Minnetonka High School Percussion Ensemble performs two songs from Endtroducing


How come my percussion ensembles were never this cool? Just imagine how the melody to “Midnight in a Perfect World” would sound on a marimba…

The Singularity Is Near: When Humans Transcend Biology


Kurzweil’s sequel to the excellent The Age of Spiritual Machines is out this week

the redesign

There’s still a lot more work to do (uh, basically everything except this page), but this is the new look.

My favorite part is the little spanning calendar things on the right. I’ve completely turned off the grey bars in IE, because its rendering is so unreliable. But Mozilla and Safari users should enjoy the good times.

I wish the template tags in WordPress all had the boolean to return a string instead of echo—it would be much easier. You have the option of skipping them altogether and just using the $post object, but then you don’t get fancy text-processing that way. To work around this, I ended up writing some filter plugins (for example, the new permalinks).

More to come…

Public Works: A DJ Shadow / Obey Reconstruction


I’m a little late to the party here, but there’s a Shadow/Shepard thing goin’ on over yonder…

Behaviour: Using CSS selectors to apply Javascript behaviours


I was thinking about something like this the other day, and look, here it is in its functional glory on the Ruby on Rails blog

Sylvia was sitting at a folding table on the West side of fashionable Abbott Kinney Blvd. on Saturday morning, where all the new couples were out shopping for fashionable things. By the looks of it, she was about 120. I was walking by, turkey-cranberry sandwich in hand, tired from walking most of Venice in search of a surf shop. She asked me if I had registered to vote.

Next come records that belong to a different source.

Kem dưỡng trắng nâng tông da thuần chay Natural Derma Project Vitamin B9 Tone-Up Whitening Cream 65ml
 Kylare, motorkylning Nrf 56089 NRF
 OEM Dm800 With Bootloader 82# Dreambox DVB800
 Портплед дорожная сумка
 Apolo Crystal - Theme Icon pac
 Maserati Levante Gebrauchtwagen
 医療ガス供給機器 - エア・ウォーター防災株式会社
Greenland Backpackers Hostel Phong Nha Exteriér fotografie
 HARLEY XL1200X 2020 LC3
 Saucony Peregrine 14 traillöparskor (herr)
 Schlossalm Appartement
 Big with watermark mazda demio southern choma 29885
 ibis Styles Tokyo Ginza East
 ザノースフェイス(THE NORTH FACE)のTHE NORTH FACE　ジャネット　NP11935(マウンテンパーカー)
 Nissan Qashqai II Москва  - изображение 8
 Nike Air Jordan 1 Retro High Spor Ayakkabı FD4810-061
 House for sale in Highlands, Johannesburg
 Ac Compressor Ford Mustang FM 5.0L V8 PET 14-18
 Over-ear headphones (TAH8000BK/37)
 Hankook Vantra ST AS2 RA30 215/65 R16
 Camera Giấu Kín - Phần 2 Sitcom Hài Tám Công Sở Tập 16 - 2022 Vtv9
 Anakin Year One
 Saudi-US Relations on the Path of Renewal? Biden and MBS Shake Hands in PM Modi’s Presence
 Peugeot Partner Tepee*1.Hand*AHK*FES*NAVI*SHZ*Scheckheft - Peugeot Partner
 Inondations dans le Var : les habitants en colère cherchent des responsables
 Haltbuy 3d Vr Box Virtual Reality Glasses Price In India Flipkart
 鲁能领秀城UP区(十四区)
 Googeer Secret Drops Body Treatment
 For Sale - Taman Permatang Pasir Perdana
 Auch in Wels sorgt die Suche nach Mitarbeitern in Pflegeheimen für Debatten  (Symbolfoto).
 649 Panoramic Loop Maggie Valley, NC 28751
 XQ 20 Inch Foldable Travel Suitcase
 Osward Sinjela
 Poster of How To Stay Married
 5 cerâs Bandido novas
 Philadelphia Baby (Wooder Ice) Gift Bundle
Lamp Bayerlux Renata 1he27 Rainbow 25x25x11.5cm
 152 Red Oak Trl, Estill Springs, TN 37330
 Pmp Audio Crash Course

Now, out-of-state college students have a programmed response for this sort of thing—“Sorry, I’m not a California resident”—but that’s not true any more, so I sat down and let her fill out the form for me. K as in, shit, what starts with K? A, M as in Mary, P as in Peter… it’s funny how I picked up Mary and Peter from listening to my Mom spell out our name on the phone. I certainly didn’t pick them up at bible study.

We talked about the New York Times, and how much better it is than some other papers. I was going to launch into a rant about the whole Times Select thing, but I stopped when I realized that she has probably never used the internet. Newspapers are a subtly different thing for my generation.

I told her to have a nice day, and I meant it. She frowned at me. “Don’t tell me to have a nice day,” she said. “Nobody means it when they say it. Say ‘take care’ instead. I’ve trained all of Brooklyn, the bus drivers… I take the bus everywhere—people on the street, everyone. Take care.”